Editor’s note: This is a two-part guest perspective written by Minneapolis attorney Brian N. Larson on the impact of the Justice Department’s antitrust lawsuit against the National Association of Realtors trade group. See Part 2.
Real estate brokerages and multiple listing services have no clearer guidance today in online brokerage than they did four years ago, despite years of National Association of Realtors policymaking and the Justice Department’s lawsuit against the trade group.
The early days of the virtual office Web site debate were typified by fairly open and vigorous discussions. NAR policymaking muddled things quite a bit and brought the attention of the federal government. Right now, the NAR/DOJ lawsuit is the thing, and the industry stands to lose regardless of the outcome.

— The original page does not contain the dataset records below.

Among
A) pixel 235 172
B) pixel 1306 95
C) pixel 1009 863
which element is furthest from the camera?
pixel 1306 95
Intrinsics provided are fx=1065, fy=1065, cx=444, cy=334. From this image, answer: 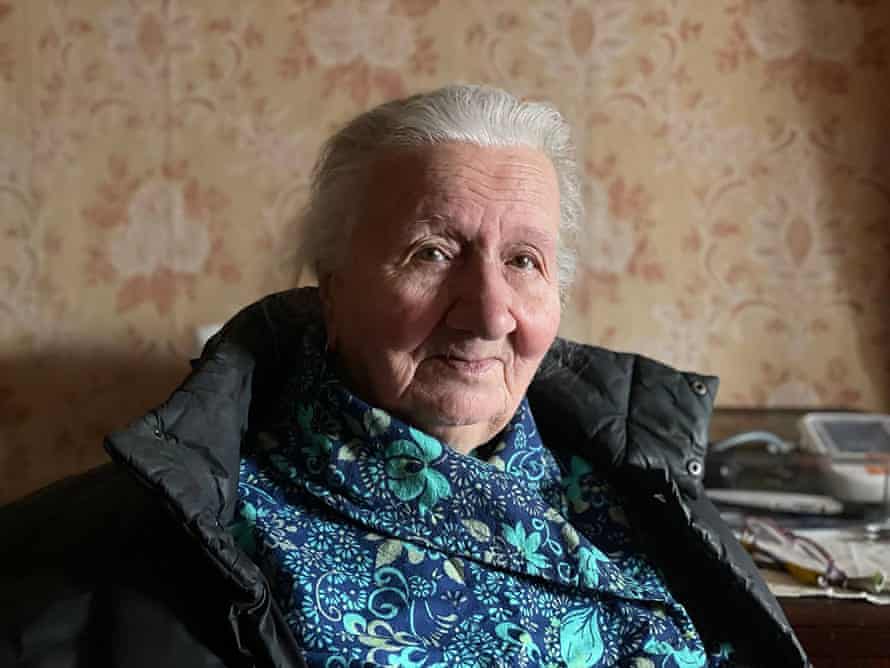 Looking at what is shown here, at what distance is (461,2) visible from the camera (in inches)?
73.0

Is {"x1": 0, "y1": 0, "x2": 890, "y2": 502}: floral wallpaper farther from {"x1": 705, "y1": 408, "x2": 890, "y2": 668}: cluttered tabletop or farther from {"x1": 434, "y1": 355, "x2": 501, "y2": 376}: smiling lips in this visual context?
{"x1": 434, "y1": 355, "x2": 501, "y2": 376}: smiling lips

The potential consequences are grave, but MLSs and brokers might be able to do something about it. They should 1) look back at how the issues arose in the first place, 2) consider the consequences of a continued lack of clarity regarding online brokerage, and 3) engage in constructive discussions to resolve the issues without regard to the NAR/DOJ spat. Part one of this guest opinion sets out after the first of these objectives, and Part 2 will cover the second and third.
The early days
Four years ago, NAR launched its first effort to regulate what were then called virtual office Web sites, VOWs. VOWs were around for years before that, though. At least as far back as 1998, a broker in Minneapolis operated a Web site where he displayed the entire MLS listing inventory to consumers who became his clients online. At the time, I managed the MLS in the Twin Cities. We examined what the broker was doing and realized that we should not attempt to prevent him from delivering brokerage services online. In short, our lawyers told us we could not dictate the medium in which a participating broker delivered his services.

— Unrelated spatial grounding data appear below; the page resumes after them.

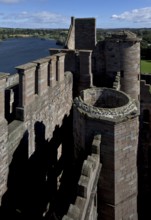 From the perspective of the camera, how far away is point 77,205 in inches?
307

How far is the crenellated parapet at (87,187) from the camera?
7.45 m

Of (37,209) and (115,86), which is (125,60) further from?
(37,209)

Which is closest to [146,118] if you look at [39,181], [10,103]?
[39,181]

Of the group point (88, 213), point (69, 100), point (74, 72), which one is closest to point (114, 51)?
point (74, 72)

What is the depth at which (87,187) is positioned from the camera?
26.9ft

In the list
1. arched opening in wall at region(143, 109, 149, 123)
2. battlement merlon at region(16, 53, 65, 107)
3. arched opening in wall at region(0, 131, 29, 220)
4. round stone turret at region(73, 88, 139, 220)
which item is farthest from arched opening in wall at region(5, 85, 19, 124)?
arched opening in wall at region(143, 109, 149, 123)

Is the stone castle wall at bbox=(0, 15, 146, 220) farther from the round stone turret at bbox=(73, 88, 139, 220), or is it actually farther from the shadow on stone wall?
the shadow on stone wall

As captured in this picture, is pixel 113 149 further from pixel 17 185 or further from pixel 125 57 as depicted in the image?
pixel 125 57

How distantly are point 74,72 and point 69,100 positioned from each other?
168 centimetres

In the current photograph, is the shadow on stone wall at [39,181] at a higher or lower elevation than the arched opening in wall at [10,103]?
lower

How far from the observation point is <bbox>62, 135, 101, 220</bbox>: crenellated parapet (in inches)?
293

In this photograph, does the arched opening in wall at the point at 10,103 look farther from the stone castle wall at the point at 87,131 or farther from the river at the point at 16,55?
the river at the point at 16,55

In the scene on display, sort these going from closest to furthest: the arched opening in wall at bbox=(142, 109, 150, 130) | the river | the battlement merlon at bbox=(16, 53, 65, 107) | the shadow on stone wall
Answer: the shadow on stone wall < the battlement merlon at bbox=(16, 53, 65, 107) < the arched opening in wall at bbox=(142, 109, 150, 130) < the river

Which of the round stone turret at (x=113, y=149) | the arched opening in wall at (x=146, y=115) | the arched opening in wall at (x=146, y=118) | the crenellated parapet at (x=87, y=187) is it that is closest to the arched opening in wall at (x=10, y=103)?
the round stone turret at (x=113, y=149)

However, we could insist that he live up to the same professional standards as all other brokers, and that he show his client information relating only to properties which 1) he believed the client had or was likely to have an interest in purchasing, and 2) he believed the client had the means to purchase. To us, it seemed clear in the MLS offer of compensation and the MLS policies governing reproduction of listings that cooperating brokers may show listings only to potential buyers who were willing and able to purchase them. At the very least, we told our VOW broker, he would have to ask his client what she was looking for and how she would pay for it. We also demanded that the broker verify the e-mail address or some other means of contacting the client. We never adopted a “VOW policy.” We believed these requirements to exist in our MLS rules, the VOW-operating brokers involved did not complain, and we never had any serious trouble with VOWs after that.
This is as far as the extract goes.